- **Instructions for the task**
Below are entries with pictures in them. Output exactly the lines starting at the line with "Regularly update both" and ending at the line with "One really cool", both included, but not the pictures.

- **Source material**
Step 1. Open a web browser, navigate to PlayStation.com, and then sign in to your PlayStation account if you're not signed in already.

...

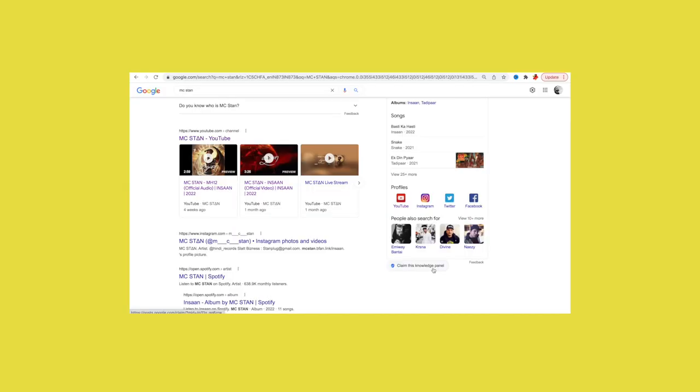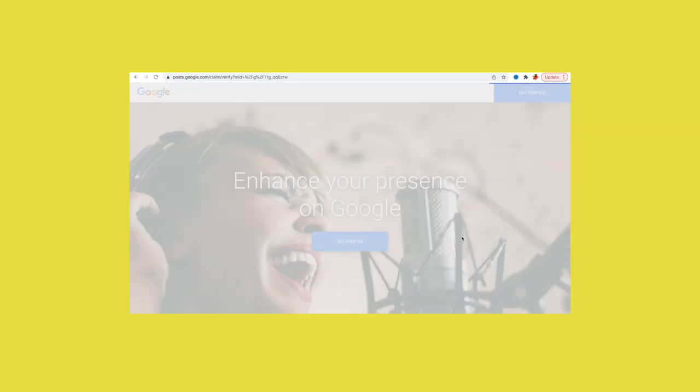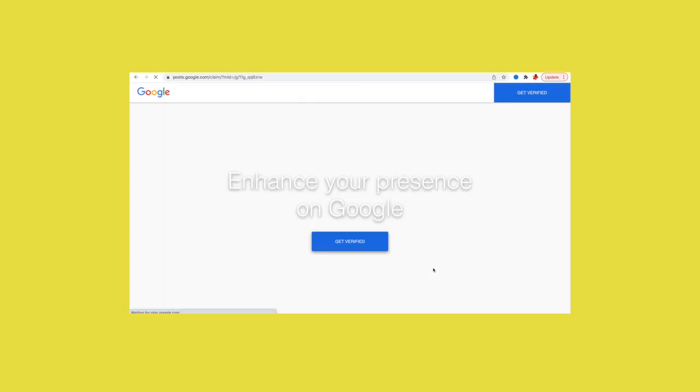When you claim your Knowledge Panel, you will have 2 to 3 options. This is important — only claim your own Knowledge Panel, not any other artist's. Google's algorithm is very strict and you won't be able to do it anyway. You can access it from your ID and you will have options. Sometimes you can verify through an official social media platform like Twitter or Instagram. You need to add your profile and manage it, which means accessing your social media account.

==

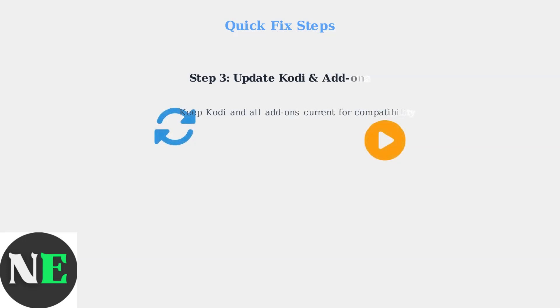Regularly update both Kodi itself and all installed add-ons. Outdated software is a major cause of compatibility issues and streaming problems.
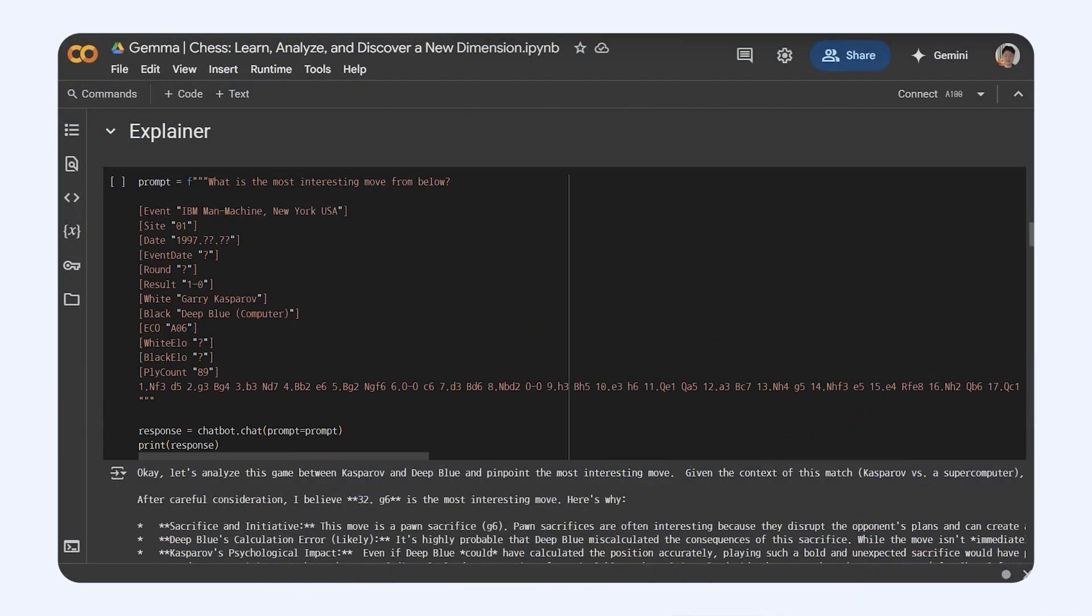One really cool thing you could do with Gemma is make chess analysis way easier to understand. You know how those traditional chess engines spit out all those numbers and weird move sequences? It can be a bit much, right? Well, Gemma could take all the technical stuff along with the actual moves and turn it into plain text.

- **Output**
Regularly update both Kodi itself and all installed add-ons. Outdated software is a major cause of compatibility issues and streaming problems.
One really cool thing you could do with Gemma is make chess analysis way easier to understand. You know how those traditional chess engines spit out all those numbers and weird move sequences? It can be a bit much, right? Well, Gemma could take all the technical stuff along with the actual moves and turn it into plain text.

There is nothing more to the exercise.